The concrete moat was where cars were parked and where people walked to reach the front door to enter the home or the front or back yards, all people, that is, except for me. Rather, I watched them: friends, roofers, plumbers, priests, doctors, lawyers, women and men of all races and creeds parking their cars and walking to the family home and entering it through the front door.
It was at this time that I began to become aware of the reality of my situation. It was not possible for me to cross the concrete moat. I could not even approach the moat. I could not have used a draw bridge, even if one had been present. I simply stood in that center lawn and watched all actions and activity stoically, with my arms extended, reaching for the stars. I realized every night at this exact point in the dream that I was not made of flesh and bone. I did not have tendons and moveable joints. I was a monument carved from pieces granite. I couldn’t cross the concrete moat because I was incapable of doing so.
Then from the Heavens in the night sky, Eagles, apparently having been watching me, would appear in attack posture, swooping effortlessly down towards me with their curved, razor-sharp talons ready to grasp me as if I were a piece of game to be killed and devoured, but contrary to their appearance, the Eagles never attacked me, and they never hurt me in any way. Yet, using their talons, they would remove pieces of my granite body and rebuild me into a different form of “me” using the same but now rearranged granite.

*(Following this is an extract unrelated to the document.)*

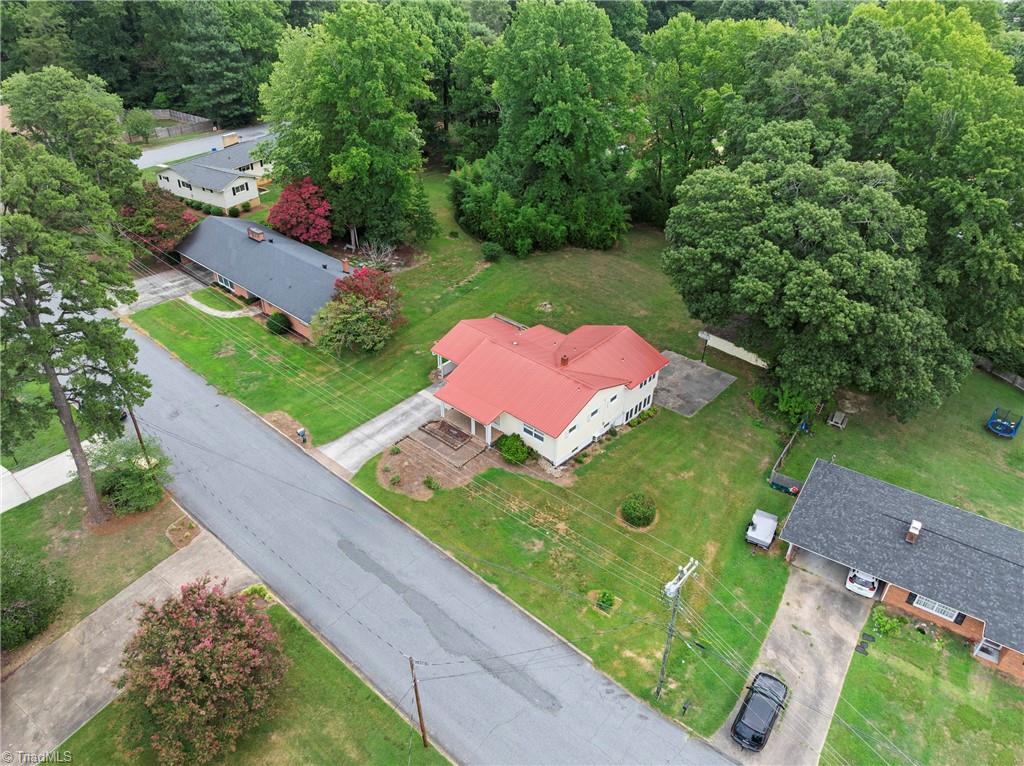 603 Duke Street Property Photo 37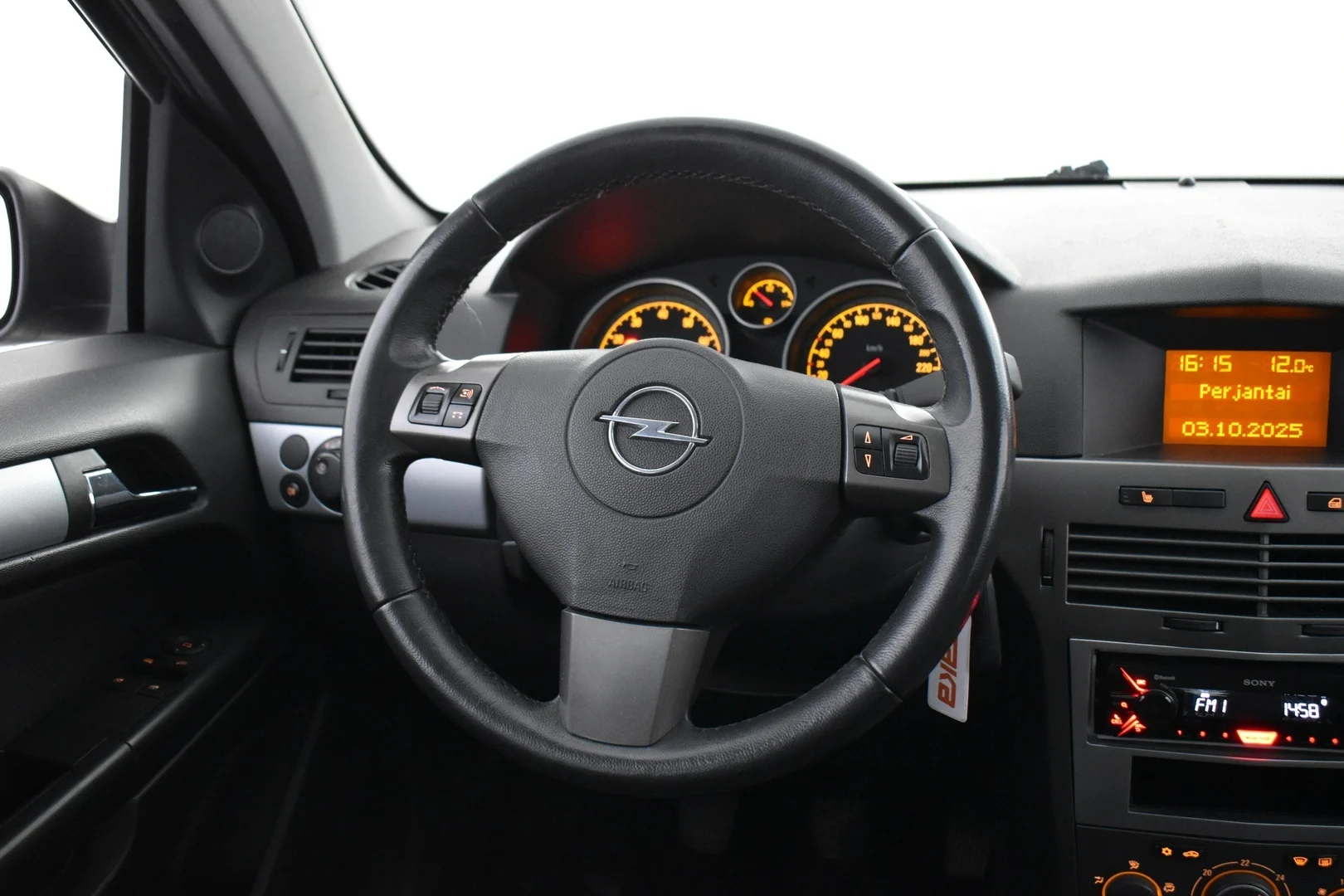 Car Image - 2r2wgVwX2FohgGupuFQHdN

When the Eagles were finished rebuilding me, I would still be immobile, and I would remain so for length of the dream. Thus, in my dream, I could never cross the concrete moat and join my life. I could only cross the concrete moat when the Eagles had stopped rebuilding me, returned to the Heavens and the dream had ended.”
For many years, since the recurring dreams stopped, when I am driving a car in a particularly angry, confused, or ambivalent state of mind, I will look skyward and see my path of travel lined with various birds of prey. When this first started occurring, it frightened me. I even thought I might be hallucinating or perhaps, the only person who could see the mystical presence of the birds. How the birds made their presence known to me didn’t matter though because I saw the birds, whether in practical reality, hallucinating or through some form of mysticism, and as in my recurring dream of the Eagles, these birds of prey never attacked me. They simply gazed at me from there various perches. They seemed to be watching over me on my attempts to cross another of life’s moats, and I suppose, if needed, would rebuild me again.”